Downieville California is an eight hour drive from Bend Oregon.  A drive I’d only done once, when I carpooled with “Crazy Mike” to the Singlespeed World Championships there in 2002.  Mike’s old Range Rover had a  “Follow Me To Certain Death” bumper-sticker.  And Mike had plenty of time on the drive to explain his rationale for not having insurance, nor a driver’s license, for the prior eight years.  After 8 hours of swaying with the winds at 90mph across the desert, with increasing numbers of fingers, and eventually toes crossed and wondering if a trip to Downieville was worth dying for, we drove into that sleepy little town.  As soon as we had arrived, I knew Downieville was worth a little risk.

Last week, I was lucky enough to return to Downieville.  This time for the Downieville Classic: a two day stage race consisting of a 2 hour XC loop and a 45 minute downhill run to the same finish line in downtown D-ville.   The Classic is limited to 800 XC racers and 200 “All Mountain World Championship” riders who do both stages for a combined time.   The races sell out in minutes, and for good reason:  Downieville has at least a mile of raucous singletrack and two good swimming holes for every man, woman and child who call it home.  Adam, Kelli, and Joe had such a good time last year that they convinced Giant to sponsor the event, and bring the whole family along.

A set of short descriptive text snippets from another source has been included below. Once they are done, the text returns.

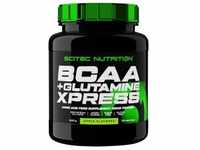 Scitec Nutrition BCAA + Glutamine Xpress (600 g, Apfel)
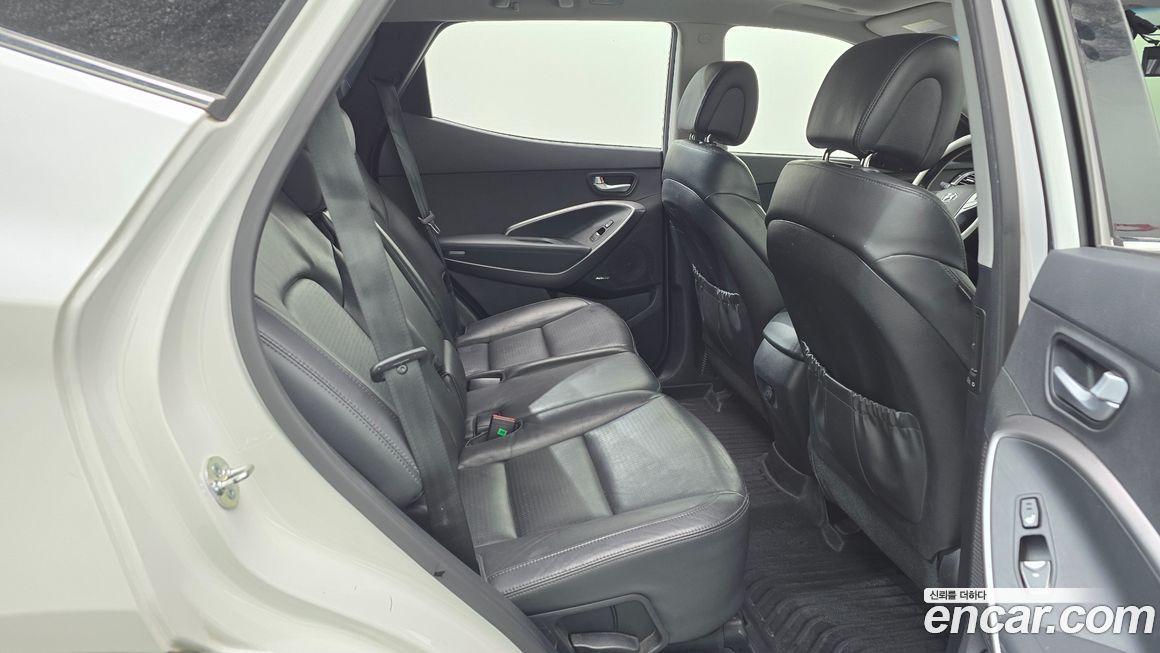 Hyundai Santafe 2014
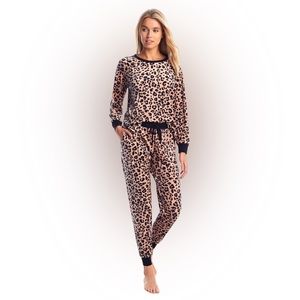 Kate Spade Velour Lounge Set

In addition to our entire XC and DH teams and staff, we also had five magazine editors along to ride Giants that were equipped with Shimano’s new Dynasis 10-speed drivetrains.  These guys, all fine riders who were right at home on the Classic’s burly trails, would be part of the team for the weekend.  It was fun having some new blood with us at the breakfast table, and practicing on the trails.  After 3 days of D-ville acclimatizing and hundreds of miles of combined practice runs on some of the fastest, rowdiest, and potentially most dangerous trails around, our group of 12+ racers were all in surprisingly race-ready condition.   There were some cuts and bruises and quite a few tires that had died for the cause, but the bikes were standing up to the extreme punishment (did I mention the 30’x2’ river crossing?  Did I mention the rocky 50mph Cliffside trails?)  And nobody had landed on their faces.  Not hard enough to go to the hospital, anyway…  success!  It was time to race.

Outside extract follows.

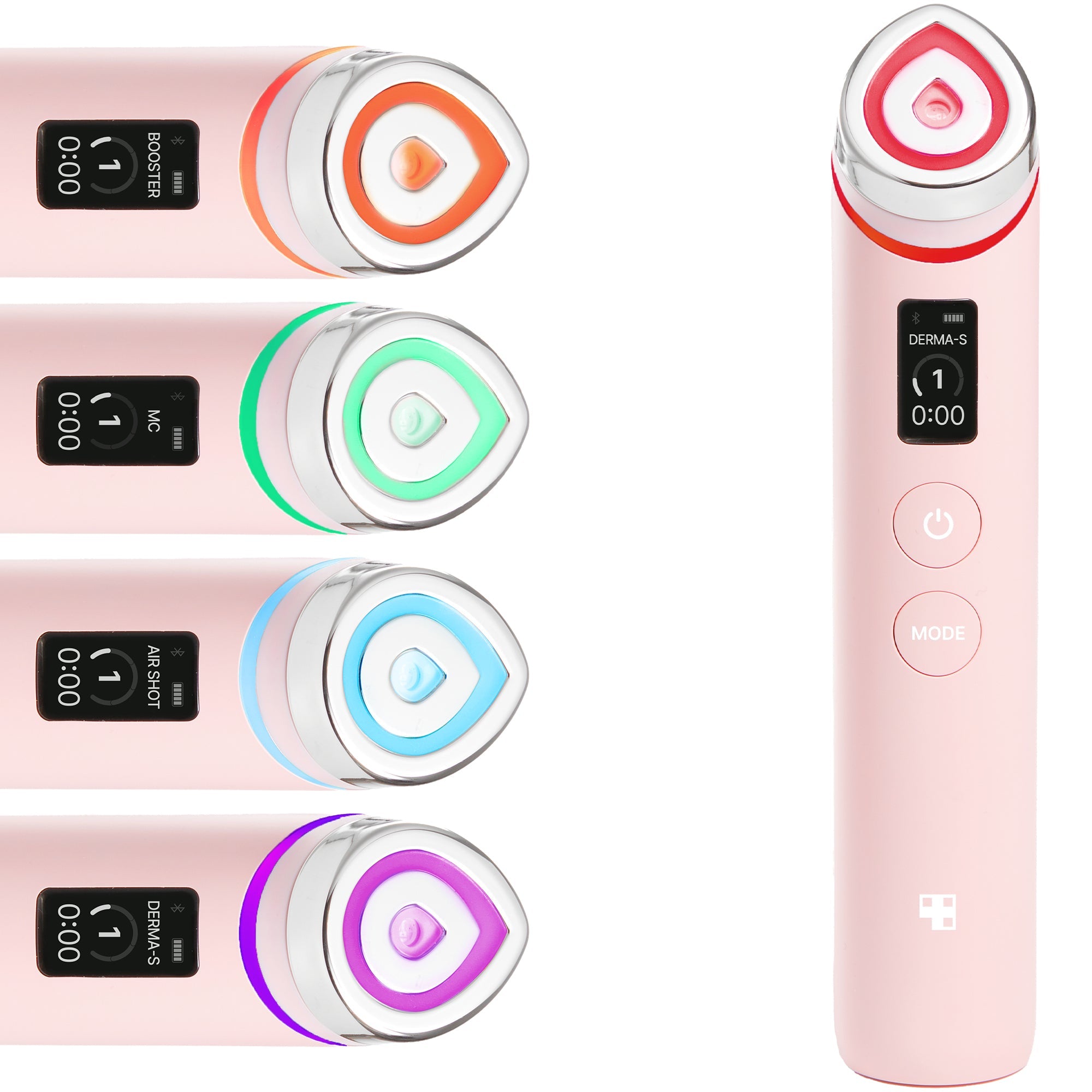 Booster Pro - Booster Pro Pink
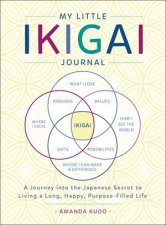 My Little Ikigai Journal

Saturday dawned sunny and warm, and our caravan of Giant riders rolled into the XC start in Sierra City with a mixture of excitement and mildly veiled dread.  The Classic’s XC course has something for everybody to worry about.  If you’re a gravity guy on a 6” bike, it’s the initial climb of 3000 feet at a nice, steady 6%-18% grade with no shade.  If you’re really into lettuce and powermeters,  or if your bike lacks anything that might be referred to as a “pivot”, the big descent will give you nightmares and possibly a sphincter muscle capable of cutting medium-sized rebar.  The beauty and tragedy of Downieville is the All Mountain bike rule:  the bike you ride on Saturday cannot change before the downhill on Sunday.   Bikes are weighed.  Pictures are taken.  Tires are marked.   Compromises are made, strategies are hatched, the plot thickens.

For the Giant contingent, the Trance X was the bike of choice, and though it was a good one, I decided to take a chance and run what I was most used to; the Anthem X TwentyNine Prototype.  Though it was short on travel and long on, uh, length, I figured I’d make up what I lost on the rodeo-ing through baby-heads parts  on the kinder, gentler parts of the course.  Bottom line:  I’d probably need 3 minutes on AC to hold off his charge on the long descent.  Hmmm.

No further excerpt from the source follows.